For decades, discounts on wings made Tuesday one of the busiest days of the week at Buffalo Wild Wings.
Slipping profits and high wing costs have brought that to an end.
The change, announced Wednesday amid the company's latest quarterly results, will happen over the next few weeks at the chain's 626 company-owned restaurants. Executives expect that the franchisees who own the other 624 restaurants in the chain will quickly follow along.
Buffalo Wild Wings' latest results made clear why bold action was necessary. Profit fell 63 percent to $8.8 million, or 55 cents a share. That was well below the $1.06 a share that was the consensus forecast of analysts who follow the company.
In after-hours trading, Buffalo Wild Wings shares, which have been battered this year amid a proxy fight and broader pressure on the restaurant industry, tumbled 10 percent to around $122 a share, their lowest level since September 2013.
Second-quarter revenue was $500 million, up 2 percent. Comparable sales at its approximately 626 company-owned restaurants were down 1.2 percent. Analysts were expecting a flat performance from those outlets.
In place of the discount on traditional wings, which has taken various forms over the years but since last fall was a half-price deal, Buffalo Wild Wings will offer one on boneless wings, which are less costly and yield a higher margin.
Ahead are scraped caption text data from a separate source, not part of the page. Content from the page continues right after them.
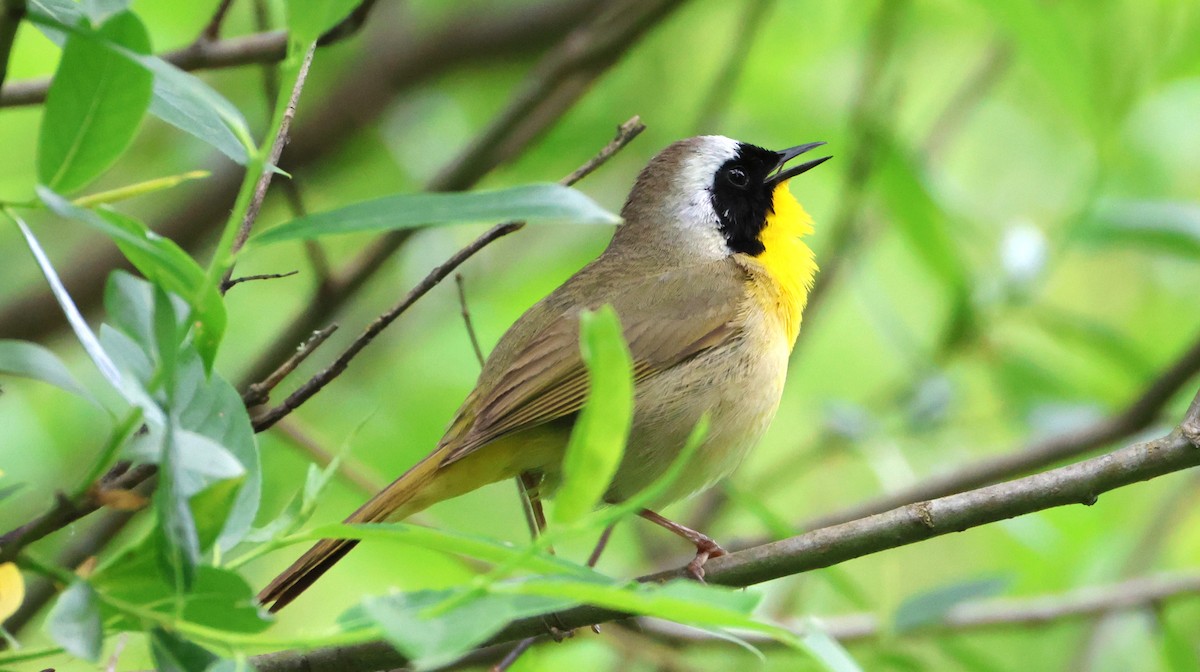 Common Yellowthroat - ML635493646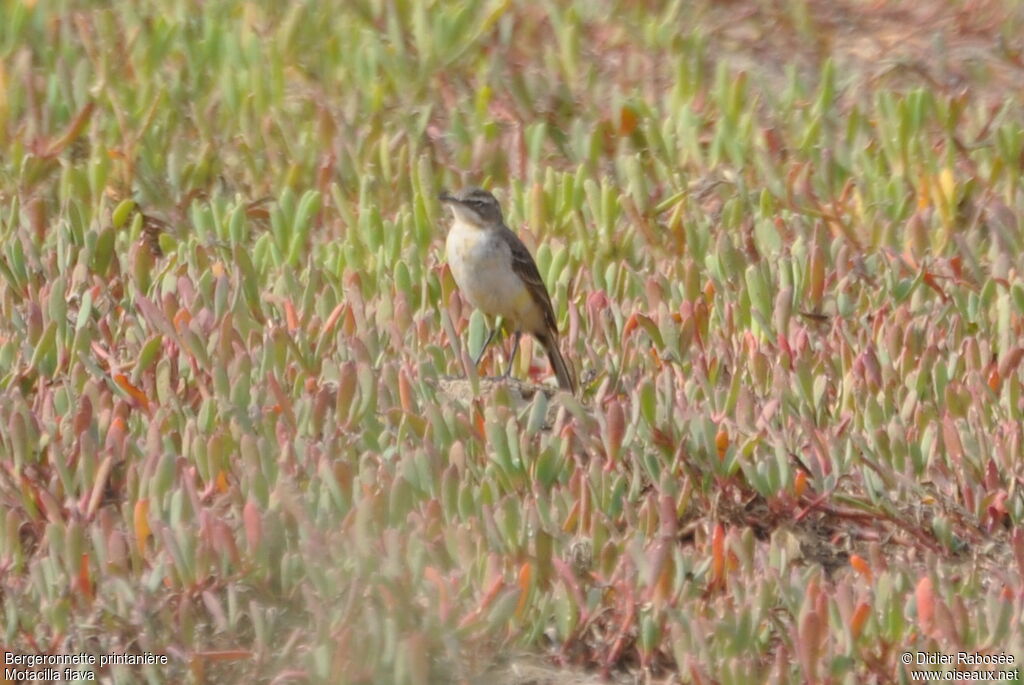 Western Yellow Wagtail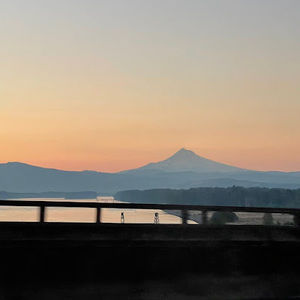 Meet your Posher, Diana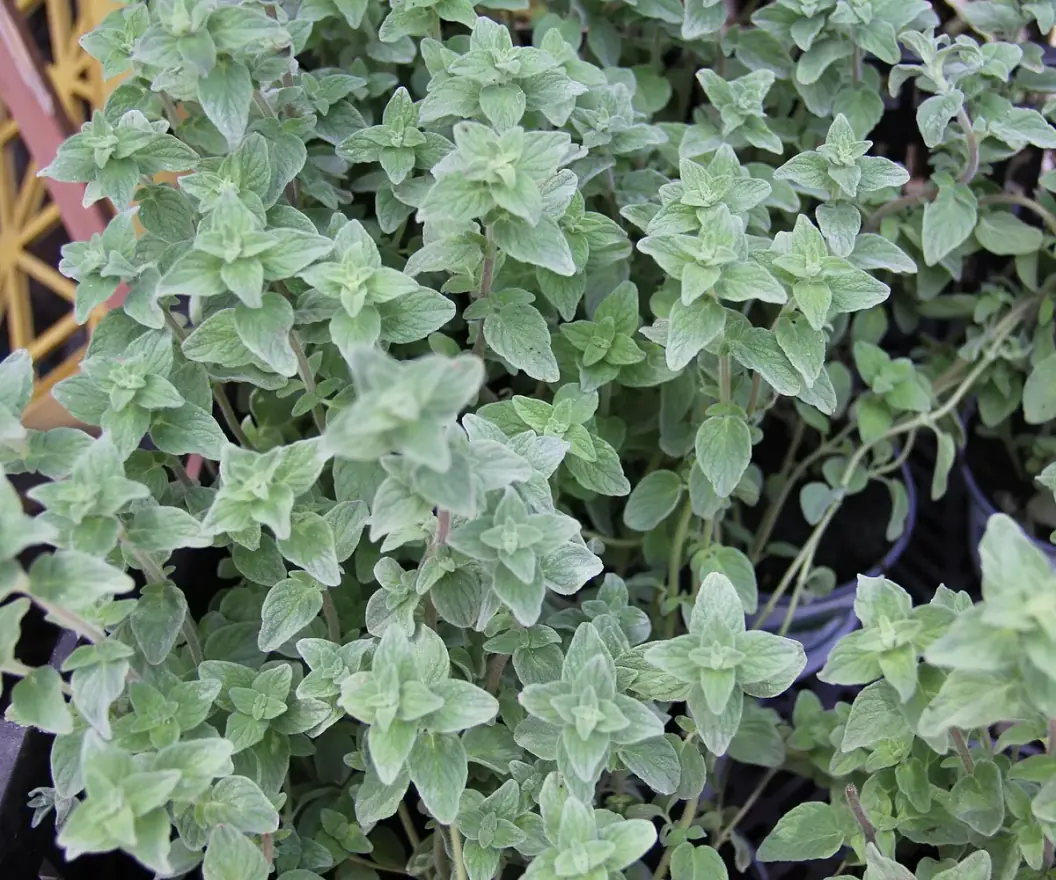 Marjoram plant, the raw material for Egyptian marjoram oil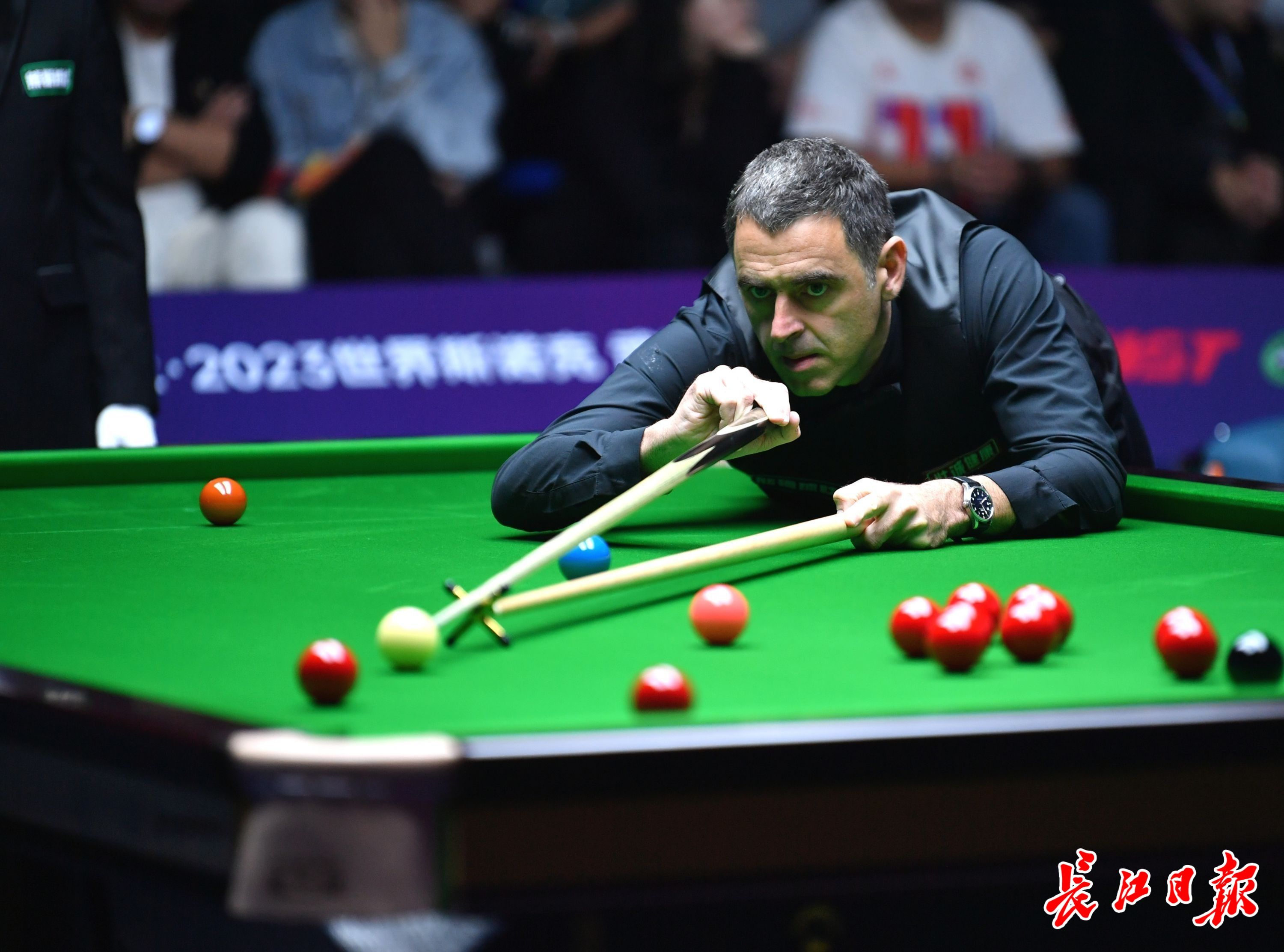 取得了良好 取得了良好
Executives said boneless wings are now outselling traditional wings at the company, but even so, they said the move is a risk and is happening with less testing than the Golden Valley-based firm usually does before starting a companywide initiative.
"We're pleased with what we're seeing in the markets we've converted to the boneless promotion," Alexander Ware, the company's chief financial officer, told analysts.